The audience laughs along with the antics of Scott
Shefali Kulkarni Staff Writer

“This ain’t your fancy-dancy restaurant,” says Tim Van Valin, who plays the sassy “Uncle Tim” at the Rockin B Ranch’s Western dinner theater show in Liberty Lake.

He stands at the microphone, thumbs tucked into his leather gun holster and leans on his left boot. Tipping his hat back he tells visitors to the Rockin B Ranch that if they want the table cleared, they have to do it themselves, pointing to the dish depot in the back of the dimly lit barn.

At dusk on Friday evening the 12-stall barn is packed with visitors (some from as far away as Australia) clanking jar-shaped glasses full of cool lemonade and serving themselves second helpings of barbecue marinated chicken and soft corn bread.

It’s not the ordinary way to go out to eat, but now entering its 12th season, the Rockin B Ranch is anything but ordinary.

The dinner theater program starts off with a shootout between the Marshal and Bad Land Sam. Dusty Bicuspid, the deputy, humors the audience with his toothless smiles and twangy talk.

“Checkie, checkie,” he calls into the microphone before running out to greet the hungry families. Save outdoor microphone problems, a quiet gun and a slow bullet, the audience giggles and gasps as Bad Land Sam tries to steal the loot from the Depot Station.

As soon as the audience is dismissed for chow time, the Marshal, Eric Dobrenski, shows kids in the audience how they hung Bad Land Sam, without actually hurting 19-year-old Jourdan Simmons.

“And please do NOT try this at home,” Dobrenski warns.

Chow time is announced with a ring of the triangle. Table after table is called up and diners follow a line of barbecued meats, applesauce and steaming beans. Aluminum tins are used as plates, and jars full of crayons sit in the middle of the table for kids to color on the paper-covered tables.

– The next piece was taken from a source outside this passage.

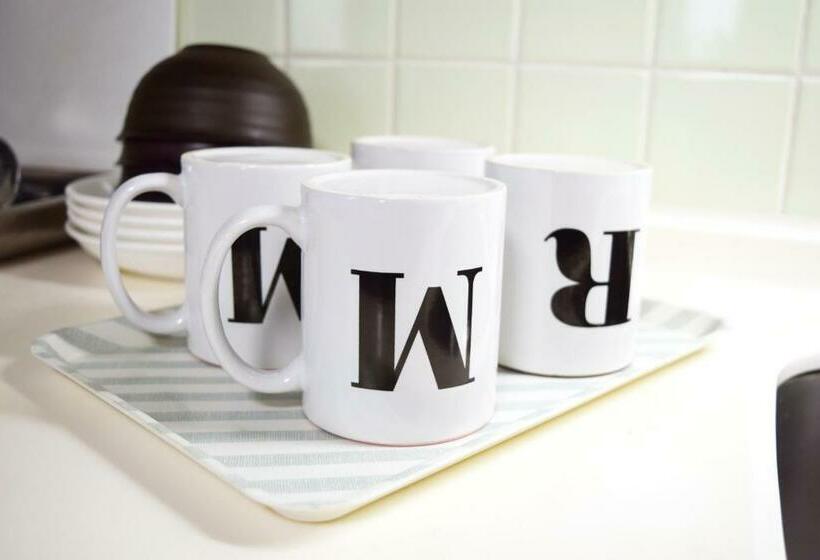 4 Bett Standardzimmer, Randor Residence Tokyo Classic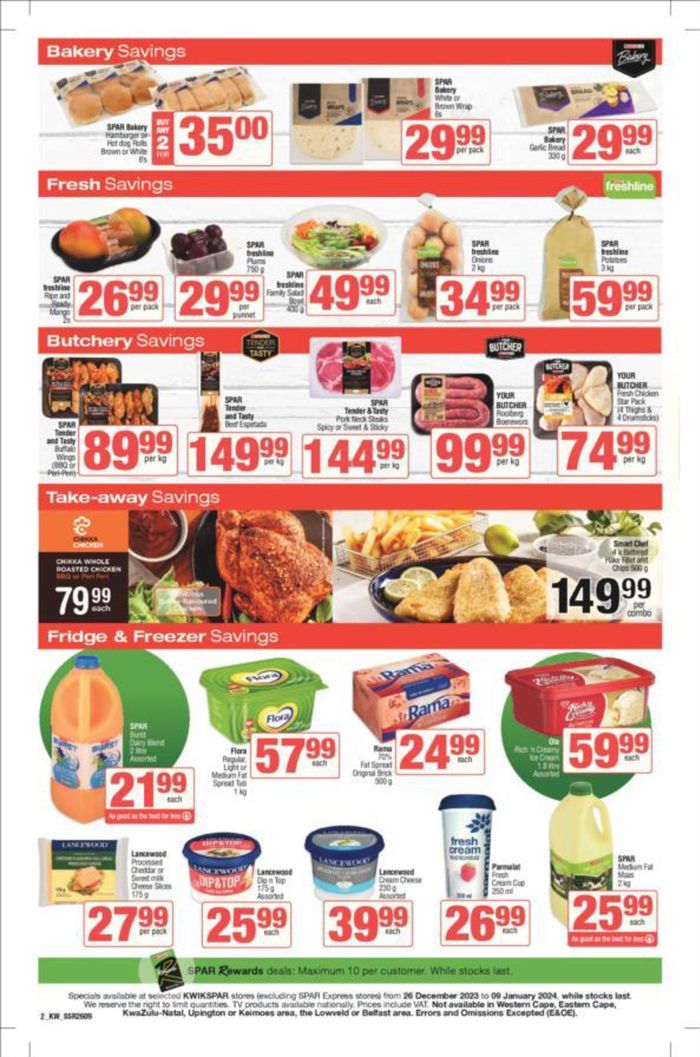 KwikSpar Sandton Cnr 12th Street and Olympia Avenue, Parkmore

Owners Pamela and Scott Brownlee say each year on the ranch is a new learning experience.

“Every year we fine-tune it,” says Pamela. Every season the Brownlees make another adjustment or two to get perfect their business.

“The barn has taken a life of its own,” she says.

“It’s grown slowly, but it still blows me away. We have a wonderful base of locals who come back and bring guests. It’s just wonderful,” says Scott.

The idea of a ranch-style dinner doesn’t always appeal to first-time guests, but Pamela says that visitors usually change their mind after one night.

“We see people coming in just wearing the week all over them, complaining beforehand, saying, ‘What am I paying for here?’ but by the end of it they are smiling and happy and full of food,” she says.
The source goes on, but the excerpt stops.